El pequeño hombre se levantó airadamente y salió del la comandancia envuelto en un sudor frío y malsano. Su aspecto no distaba mucho de los pordioseros que deambulaban por los alrededores de las iglesias, chaqueta de paño roída, barba de varios días, hedor… Miró a su alrededor esperando ver aquella cara siniestra, pero nada. Imaginó que al doblar la esquina lo encontraría frente a él, esperando en la puerta de algún local, o escondido tras alguna vieja en un portal. Siempre lo veía en los lugares más insólitos. Pero tampoco entonces lo encontró.
Se encaminó a su casa intentando hacer lo que el comisario le había sugerido. Intentando rememorar aquel día, aquella tarde. La tarde en la que había dejado de ser humano para convertirse en lobo. Mirando a todos lados para comprobar que, al menos esta vez, Marcelo no lo seguía.
Llegó a su casa, la misma desde hacía ocho años, la misma en la que había cometido el crimen y se tumbó. Se observó a sí mismo leyendo y releyendo el relato, boquiabierto, maravillado. Las lágrimas comenzaban a surcarle las mejillas, de nuevo. Volvía a sentir el aire que describiera Marcelo, los extraños gorjeos, la luz que surgía de la nada y lo envolvía todo volvía a cegarlo. El relato, su relato, el relato de Marcelo. Todo era uno y… allí estaba. Lo vislumbró en el espejo, con sus ojos sin pupilas y su cabeza a medio hacer. ¿Lo habría golpeado? Supuso que sí, al menos así debió matarlo. Pero cómo se deshizo después del cadáver. No lo recordaba. No recordaba nada, sólo que leía el relato y se ensimismaba, y se sumergía cada vez más en él, y se sentía él. Había nacido con él y crecido por él. Y él era el relato y el relato era él, o era Marcelo el relato. ¿Podía ser? ¿Podría habérselo inventado todo? ¿Podría ser una más de sus historias? Una de tantas.
Y Marcelo crecía y se hinchaba ante sus ojos, que eran los de Marcelo. Y crecía y aumentaba de tamaño como un gran globo aerostático, como un gran batracio deforme y amorfo. Y sus pupilas yertas lo miraban desde lo alto, desde el púlpito destinado a los dioses, a los creadores. Lo observaba y sentía sus pensamientos y se veía a sí mismo por las calles, mirando en derredor, buscando algo que había perdido hacía mucho tiempo… y se veía a sí mismo desde un puente, caminando entre los coches, perseguido por alguien que él creía ver… y se veía a sí mismo. Y el cráneo de Marcelo se cerraba un poco más a cada nueva imagen, con cada nuevo pensamiento y él perdía consistencia. Y un dolor agudo le traspasó el alma, que era la de Marcelo. Y cientos de vidas pasaron ante sus ojos…
… al final…
… todas escritas por Marcelo.


3 comentarios:

Manuel Mije dijo...

Bueno, Miguel, me he tomado la libertad de colgarte este texto que me dijo Tibu, espero que no te moleste.

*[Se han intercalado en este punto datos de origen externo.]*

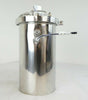 TEL Tokyo Electron 2987-501608-11 Sensor Pressure Tank Left Assembly New
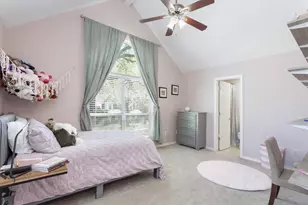 2104 Rock Wood Ln, McKinney, TX 75072 - Photo 27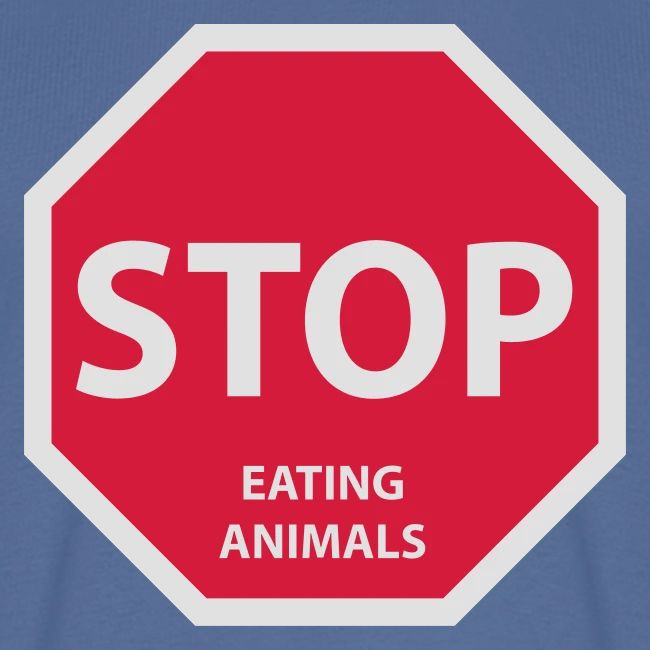 Stop-Eating-Animals
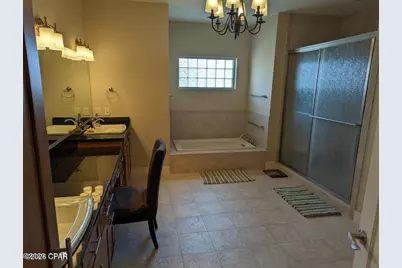 3237 Country Club Drive, Lynn Haven, FL 32444 - Photo 26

Y sobre el texto, decir que me ha gustado, buena prosa, una historia interesante aunque se vea venir un poco, y un final suficientemente abierto, sugerente; un buen relato de presentación, sin duda.

Miguel dijo...

Interesante, interesante. Quizá demasiado abierto pero una prosa ágil y un buen planteamiento.

Una cosilla, un error muy común: dices que el comisario se mesaba la barba pero no me lo imagino haciendo lo que dice la RAE que significa mesar: Arrancar los cabellos o barbas con las manos.

Ángel Vela dijo...

Saludos, Miguel.

Pues ya que estás por aquí también te dejo unas palabrillas ;)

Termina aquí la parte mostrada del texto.